WHAT IS BEING ASKED:
Output exactly the lines that run from the start of the records to the line with "Thanks for listening, and", counting both ends, and skip the pictures.

SUPPLIED MATERIAL:
_____

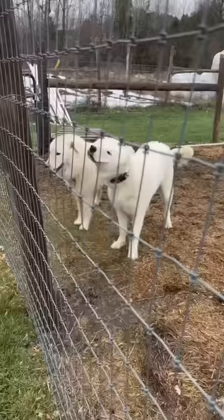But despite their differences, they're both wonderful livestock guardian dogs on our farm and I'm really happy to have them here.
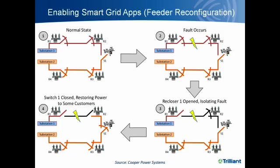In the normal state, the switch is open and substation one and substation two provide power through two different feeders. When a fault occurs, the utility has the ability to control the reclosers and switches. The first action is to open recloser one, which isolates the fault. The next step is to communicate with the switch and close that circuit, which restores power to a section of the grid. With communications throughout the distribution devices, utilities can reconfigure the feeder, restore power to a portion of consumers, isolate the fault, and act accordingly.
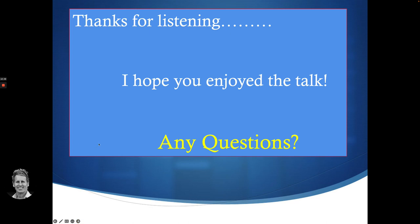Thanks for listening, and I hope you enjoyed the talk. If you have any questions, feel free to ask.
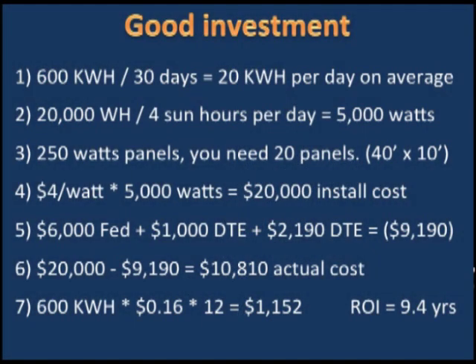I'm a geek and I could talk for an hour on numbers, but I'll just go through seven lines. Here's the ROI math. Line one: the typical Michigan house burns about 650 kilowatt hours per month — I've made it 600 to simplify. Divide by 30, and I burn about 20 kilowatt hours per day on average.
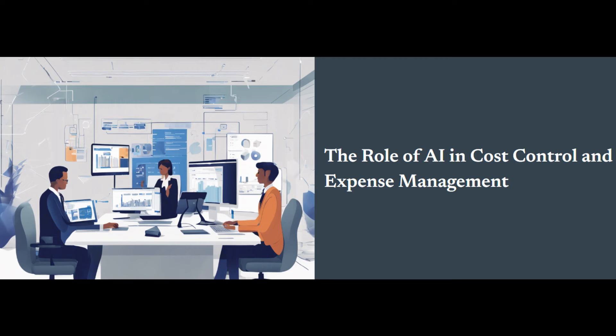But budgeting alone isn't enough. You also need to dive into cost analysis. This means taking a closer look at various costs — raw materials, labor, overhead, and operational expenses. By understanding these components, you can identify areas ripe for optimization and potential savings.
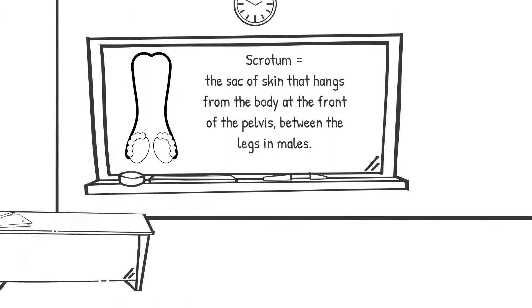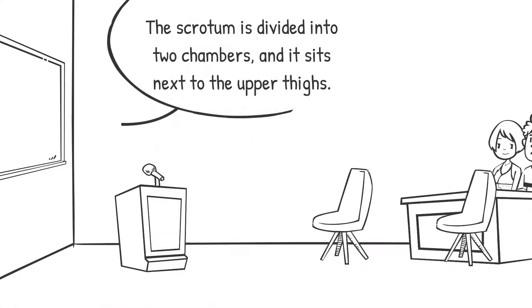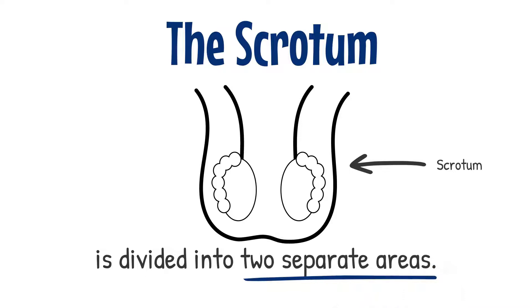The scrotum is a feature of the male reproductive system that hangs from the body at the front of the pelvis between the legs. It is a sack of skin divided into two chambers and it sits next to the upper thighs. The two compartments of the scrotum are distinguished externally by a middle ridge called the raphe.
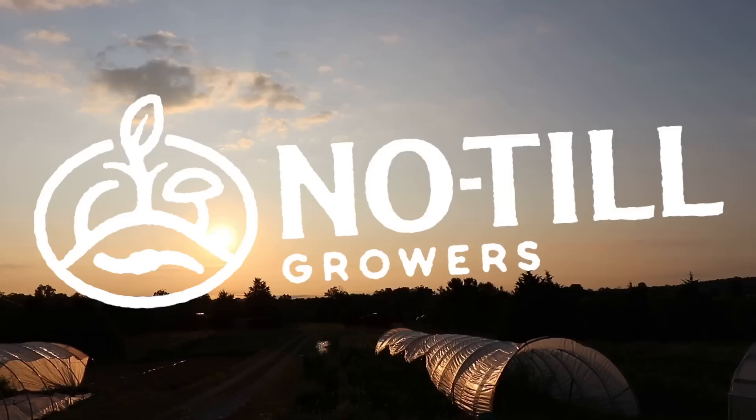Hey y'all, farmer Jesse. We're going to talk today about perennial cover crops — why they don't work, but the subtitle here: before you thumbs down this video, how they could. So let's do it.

_____

RESULT OF THIS TASK:
But despite their differences, they're both wonderful livestock guardian dogs on our farm and I'm really happy to have them here.
In the normal state, the switch is open and substation one and substation two provide power through two different feeders. When a fault occurs, the utility has the ability to control the reclosers and switches. The first action is to open recloser one, which isolates the fault. The next step is to communicate with the switch and close that circuit, which restores power to a section of the grid. With communications throughout the distribution devices, utilities can reconfigure the feeder, restore power to a portion of consumers, isolate the fault, and act accordingly.
Thanks for listening, and I hope you enjoyed the talk. If you have any questions, feel free to ask.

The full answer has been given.